So, are there any other ways we could store the positions of our conditions, which would allow us to insert a new one, or move one around, without having to renumber a bunch of other items?

Why yes, yes we can.

Instead of storing each position as an integer, we can instead store two numbers, and use the ratio of these two numbers as our ordering:

POSITION = ExpressionWrapper(
  models.F('position_a') / models.F('position_b'),
  output_field=models.DecimalField()
)


class PositionQuerySet(models.query.QuerySet):
    def with_position(self):
        return self.annotate(position=POSITION)

    def order_by_position(self):
        return self.order_by(POSITION)


class Condition(models.Model):
    name = models.TextField()
    penalty = models.DecimalField()
    position_a = models.IntegerField()
    position_b = models.IntegerField()

    class Meta:
      unique_together = (
        ('position_a', 'position_b'),  # In fact, this is not quite strict enough, more below.
      )

The logic behind this is that here is always the ability to find a fraction that is between two other fractions.
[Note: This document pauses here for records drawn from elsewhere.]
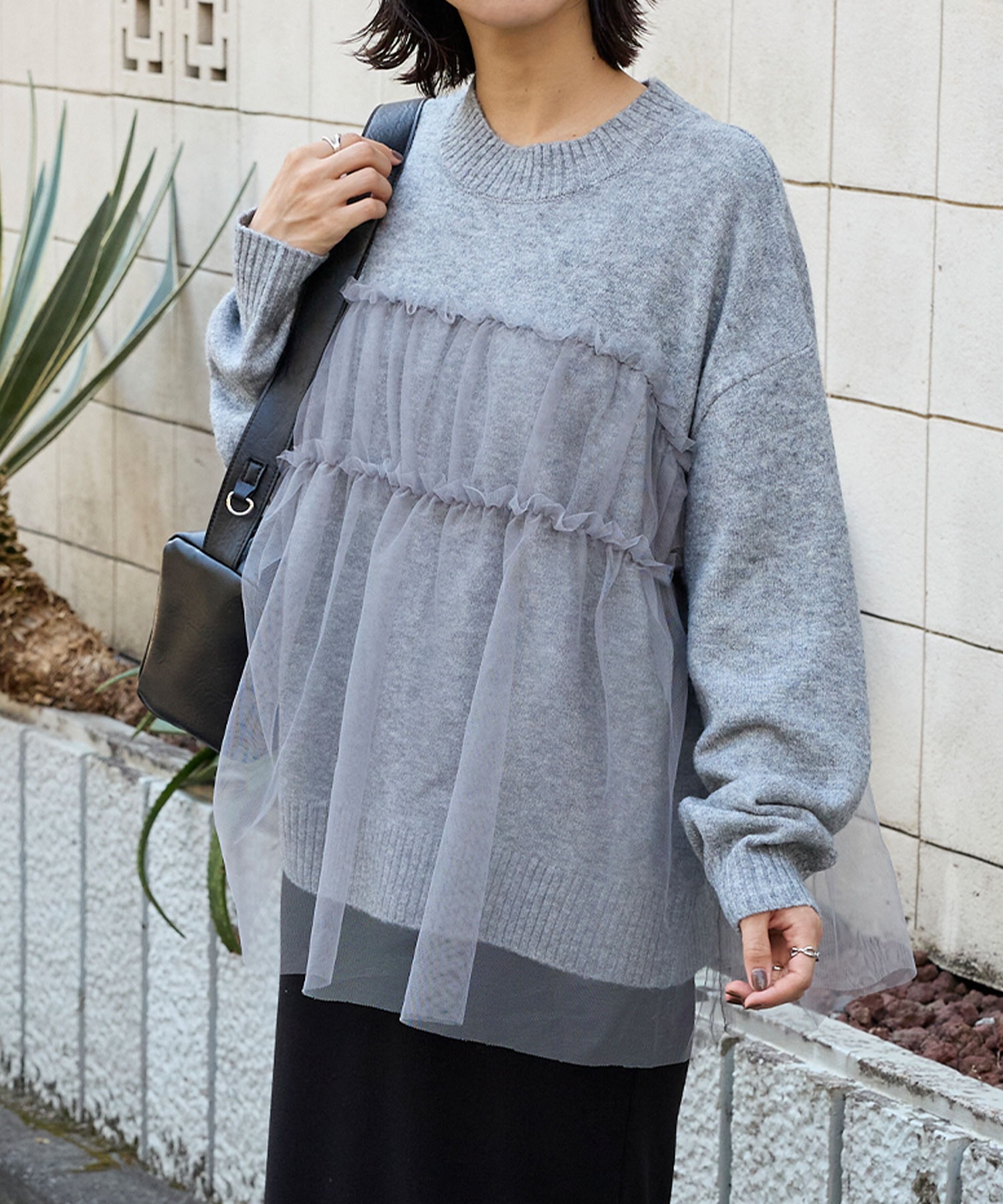 stola. ストラ　チュールドッキングニットプルオーバー EC限定】チュールドッキングニットプルオーバー｜Stola.（ストラ）公式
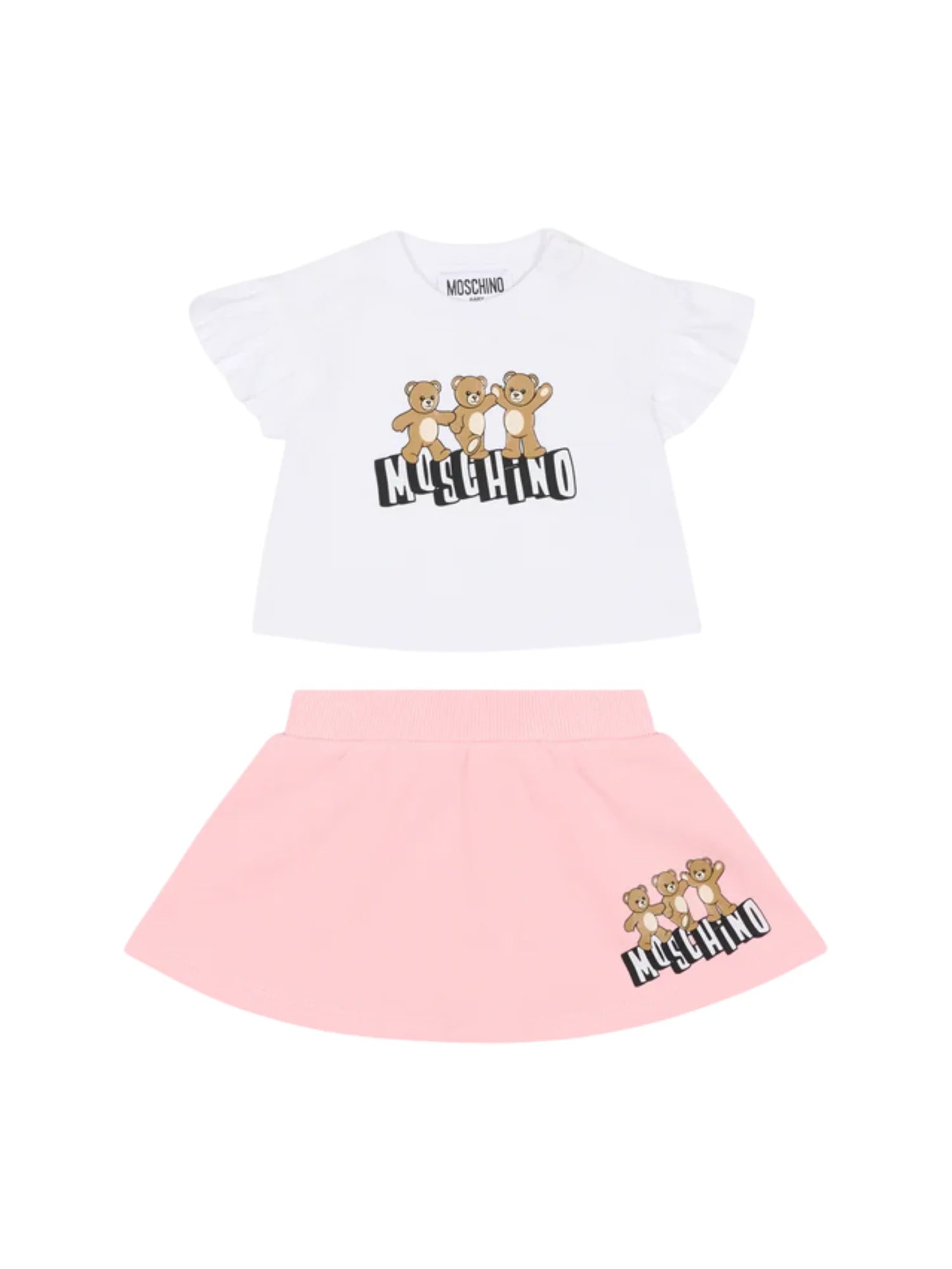 Moschino completo T-shirt e gonna neonata bianco rosa MBG01G-LCA89 85010 MOSCHINO 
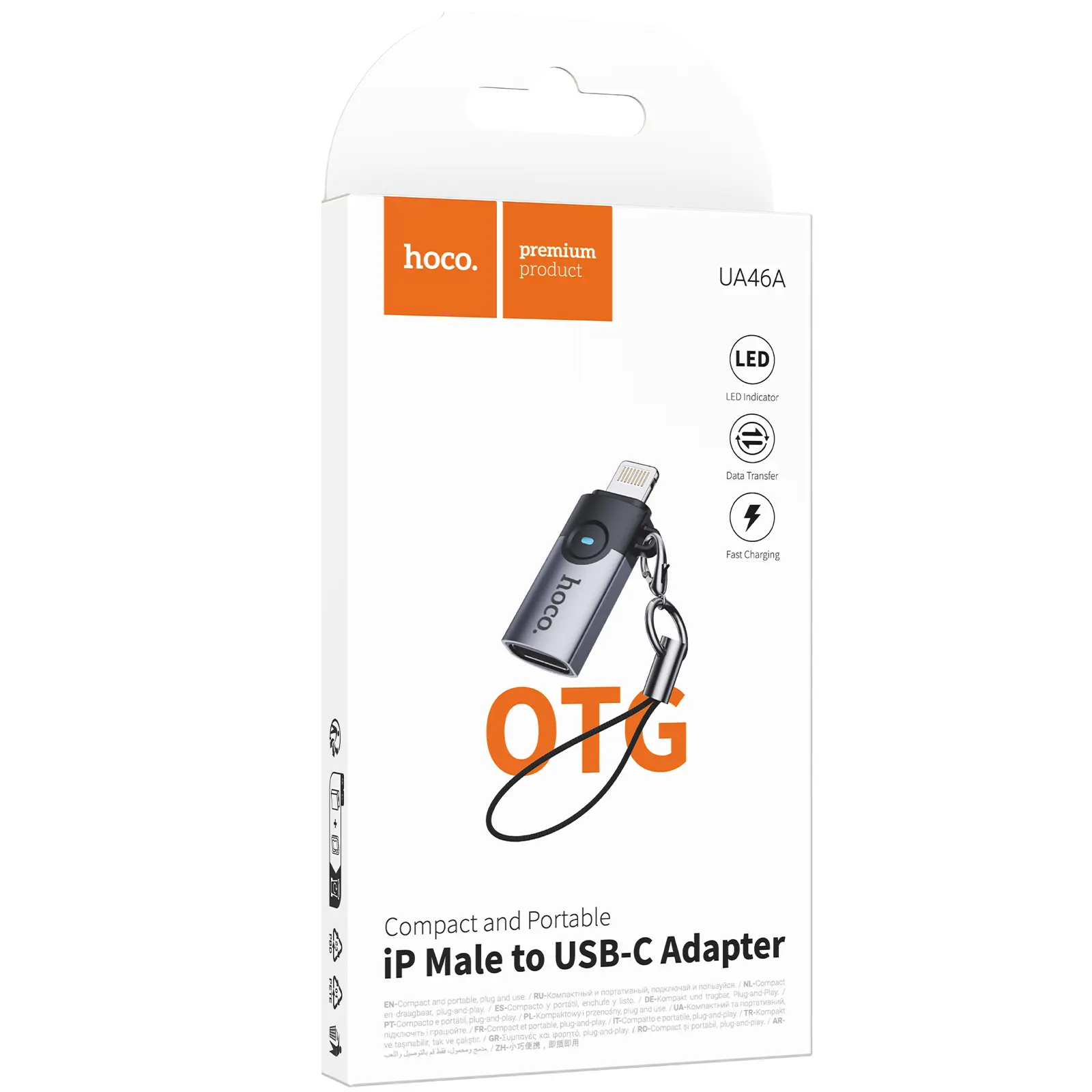 Переходник Hoco UA46A Lightning Male to Type-C Female, Metal gray 1, купить оптом с доставкой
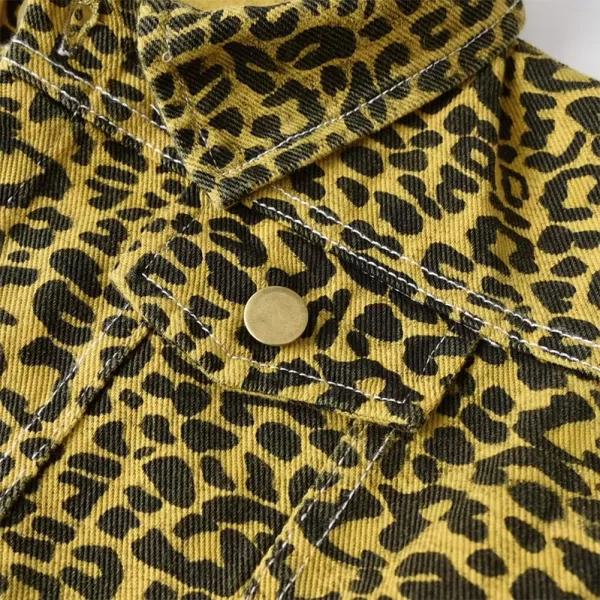 IDOPIP Toddler Kid Baby Boys Girls Denim Jacket Long Sleeve Button Down Jeans Coat Cowboy Overcoat Hoodie Casual OutwearGold Leopard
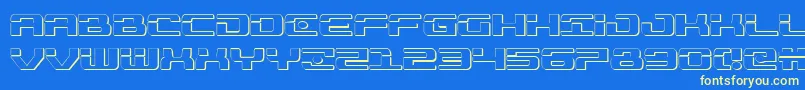 Troopers3D Font – Yellow Fonts on Blue Background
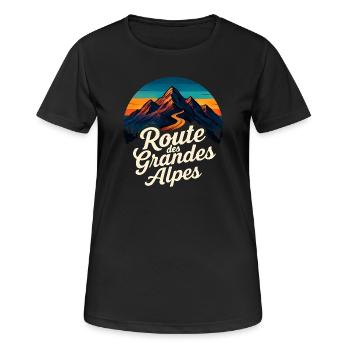 Route des Grandes Alpes Vintage - Women's Breathable T-Shirt - black - Front - AI Model Female 172 light (172cm)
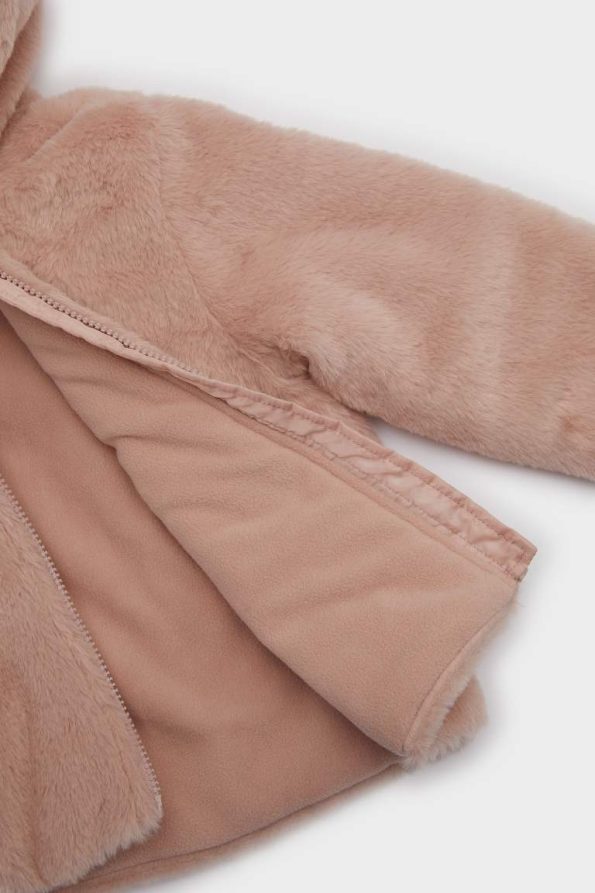 Girls' Baby Hooded Zipper Plush Jacket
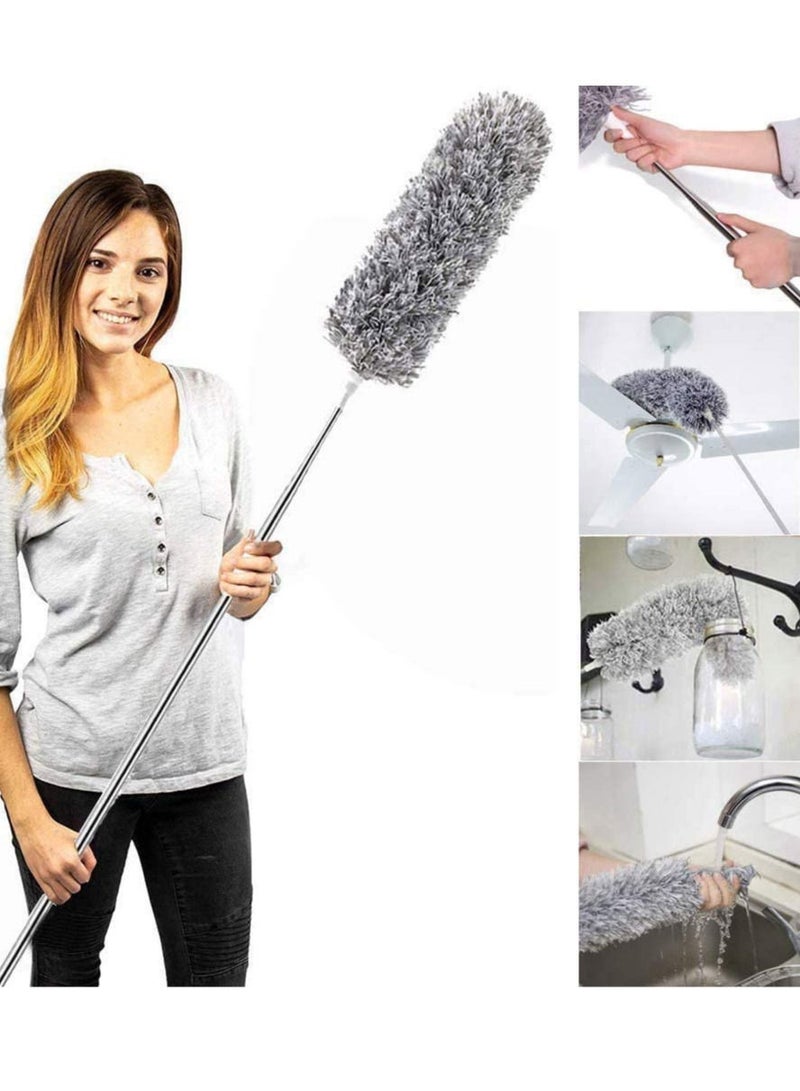 Ceiling Fan Duster with Stainless Steel extension Long Extendable Pole Washable Bendable Dusters for Cleaning, High Cobweb Wall Dusting Wet, Interior Roof - Image 1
Our initial “first” item can be given the values (1, 1), which will evaluate to 1.0

To place another item, we have three cases:

  • The new value is before the first item in the list.
  • The new value is between two existing items.
  • The new value is after the last item in the list.

Let’s look at how we can calculate the position for the newly added item:

  • Before the first item in the list:

    Increment the denominator (position_b), and use the same numerator (position_a).

    For instance, adding a new first value where our current first value is (1, 1) would give us (1, 2), which evaluates to 0.5, less than 1.0

  • After the last item in the list:

    Increment the numerator (position_a), and use the same denominator (position_b).

    For instance, adding a new value where the last value is (5, 1) would give us (6, 1), which evaluates to 6.0, greater than 5.0

  • Inserting an item between two existing items.

    Use the sum of the two numerators (position_a) as the numerator, and the sum of the two denominators (position_b) as the new denominator. Optionally, you can then simplify this fraction if there are common factors.

    For instance, if we have two values (1, 4) and (5, 1), we can make a new value (6, 5), which evaluates to 1.2, which is between 0.25 and 5.0.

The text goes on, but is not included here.